After the formation of New Serbia on the lands of Ukrainian Cossacks, the fortress was created to protect the territories of Serbian settlers from Tatar raids. The fortress of St. Elizabeth was built according to the decree of the Senate, which also created New Serbia. The decree was signed by Empress Elizabeth Petrovna on 4 January 1752. On the basis of the decree, Colonel Ivan Horvat was given a certificate of thanks, and Ivan Glebov received an instruction.

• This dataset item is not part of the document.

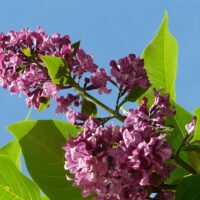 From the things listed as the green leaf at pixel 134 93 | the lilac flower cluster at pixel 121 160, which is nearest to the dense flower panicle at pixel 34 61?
the green leaf at pixel 134 93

The Hadiach-Myrhorod regiment of Ukrainian Cossacks (1390 males) arrived to build the fortress, which completed the main works in four months: from June 12 to October 1754. During the work, 72 Zaporozhians died, 233 fell ill, and 855 ran away.

The artillery armament of the fortress then consisted of 120 guns, 12 mortars, 6 falconets, 12 howitzers and 6 mortars. In the following years, construction work in the fortress continued, but very slowly and was not finished even until the end of the reign of Empress Elizabeth (1761). A whole city was built on the territory of the fortress, in the center of which stood the wooden Holy Trinity Church, which from 1755 until 1801 it had the status of a cathedral. The soldiers' barracks were designed for 2,200 soldiers. The garrison consisted of three battalions and two teams, artillery and engineering. There were commandant and general's lodgings, religious officials' housing, and powder cellars.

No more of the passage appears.